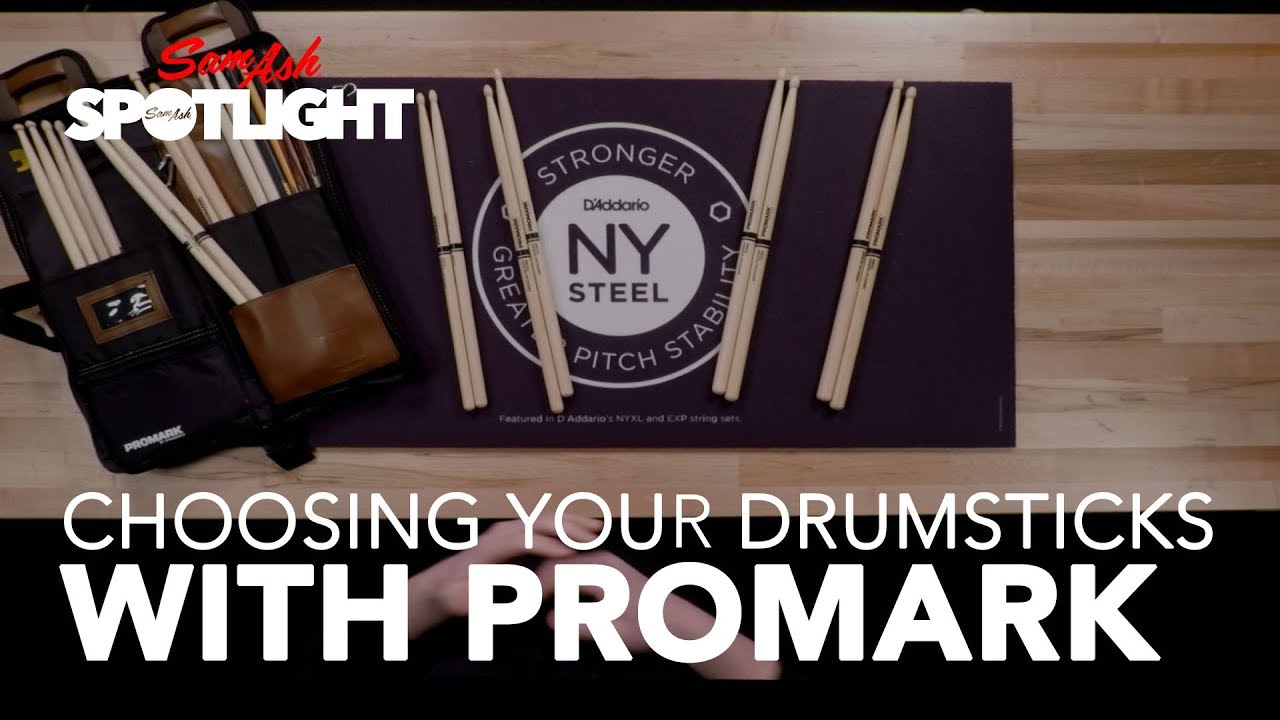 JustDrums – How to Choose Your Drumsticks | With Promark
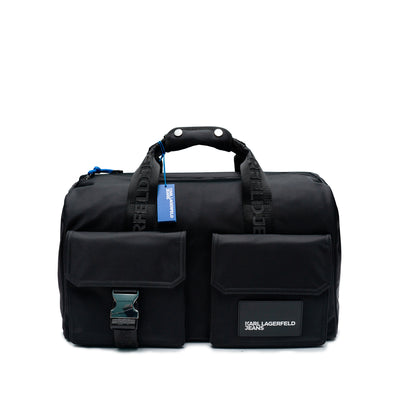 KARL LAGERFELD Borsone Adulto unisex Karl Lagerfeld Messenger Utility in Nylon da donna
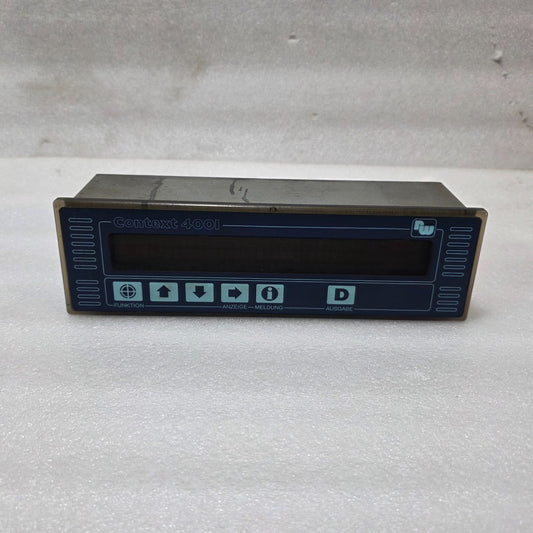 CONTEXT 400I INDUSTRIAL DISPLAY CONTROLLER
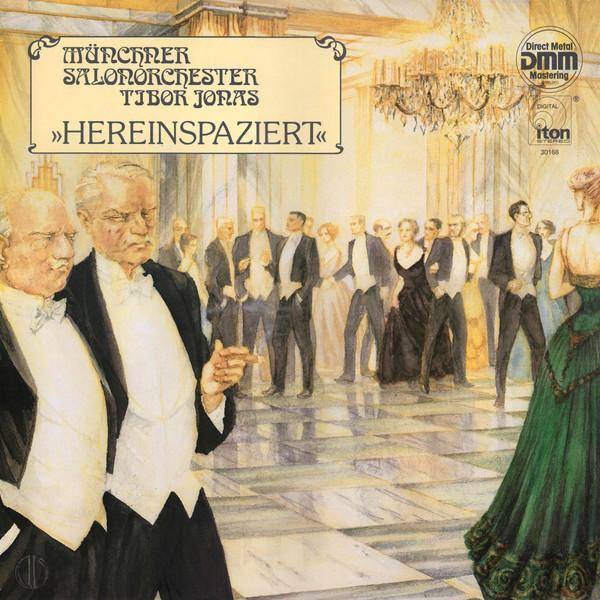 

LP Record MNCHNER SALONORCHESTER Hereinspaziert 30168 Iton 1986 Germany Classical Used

----------

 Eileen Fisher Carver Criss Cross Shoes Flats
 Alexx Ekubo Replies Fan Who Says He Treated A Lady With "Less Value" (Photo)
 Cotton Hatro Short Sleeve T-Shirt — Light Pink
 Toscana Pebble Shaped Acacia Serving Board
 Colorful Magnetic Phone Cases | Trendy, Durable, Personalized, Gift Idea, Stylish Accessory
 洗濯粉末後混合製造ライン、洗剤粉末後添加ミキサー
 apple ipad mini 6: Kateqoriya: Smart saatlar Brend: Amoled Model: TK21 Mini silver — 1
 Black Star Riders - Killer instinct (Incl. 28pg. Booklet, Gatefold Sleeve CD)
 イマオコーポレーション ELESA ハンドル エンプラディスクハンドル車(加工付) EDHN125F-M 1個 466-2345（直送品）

----------

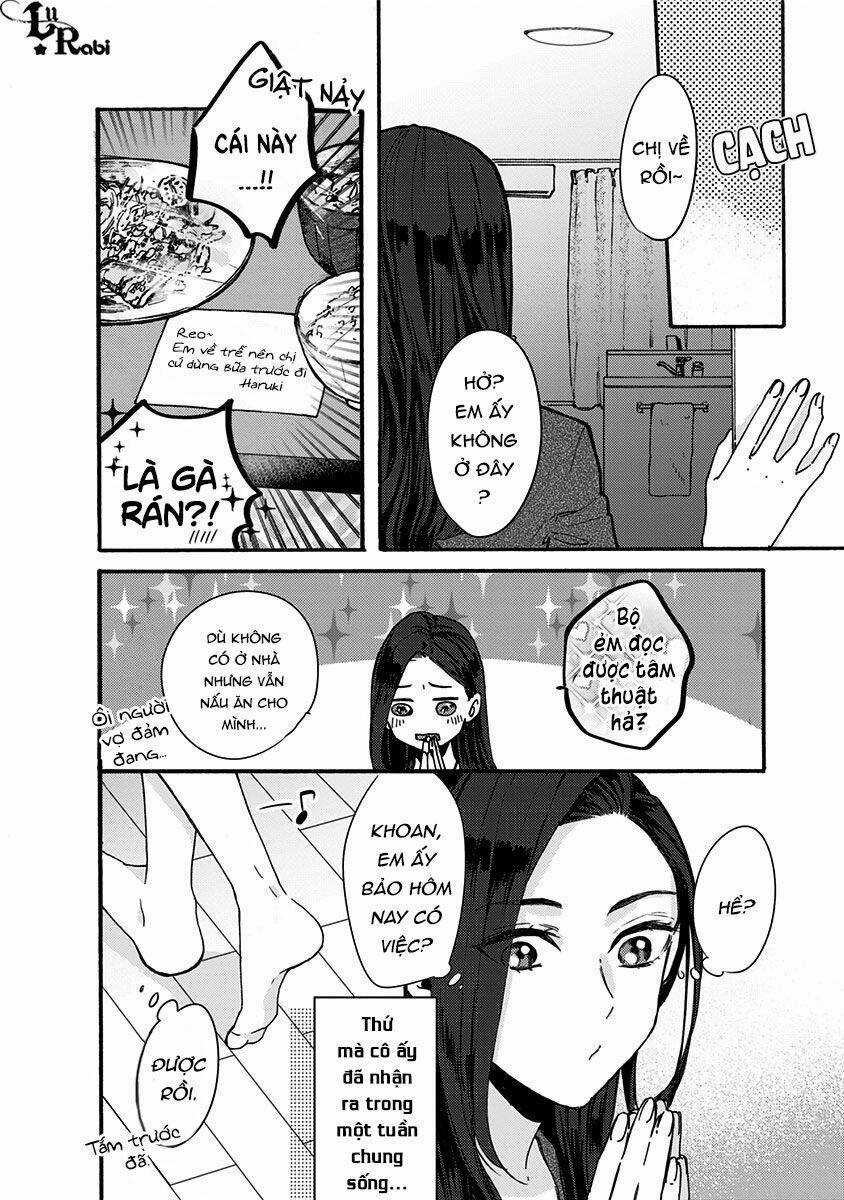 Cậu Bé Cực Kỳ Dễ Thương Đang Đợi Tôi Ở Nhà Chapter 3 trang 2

----------

Requirement:
Your answer should be the lines above from the one containing "Alexx Ekubo Replies" through the one containing "洗濯粉末後混合製造ライン、洗剤粉末後添加ミキサー", copied exactly and with both ends kept.

Task result:
 Alexx Ekubo Replies Fan Who Says He Treated A Lady With "Less Value" (Photo)
 Cotton Hatro Short Sleeve T-Shirt — Light Pink
 Toscana Pebble Shaped Acacia Serving Board
 Colorful Magnetic Phone Cases | Trendy, Durable, Personalized, Gift Idea, Stylish Accessory
 洗濯粉末後混合製造ライン、洗剤粉末後添加ミキサー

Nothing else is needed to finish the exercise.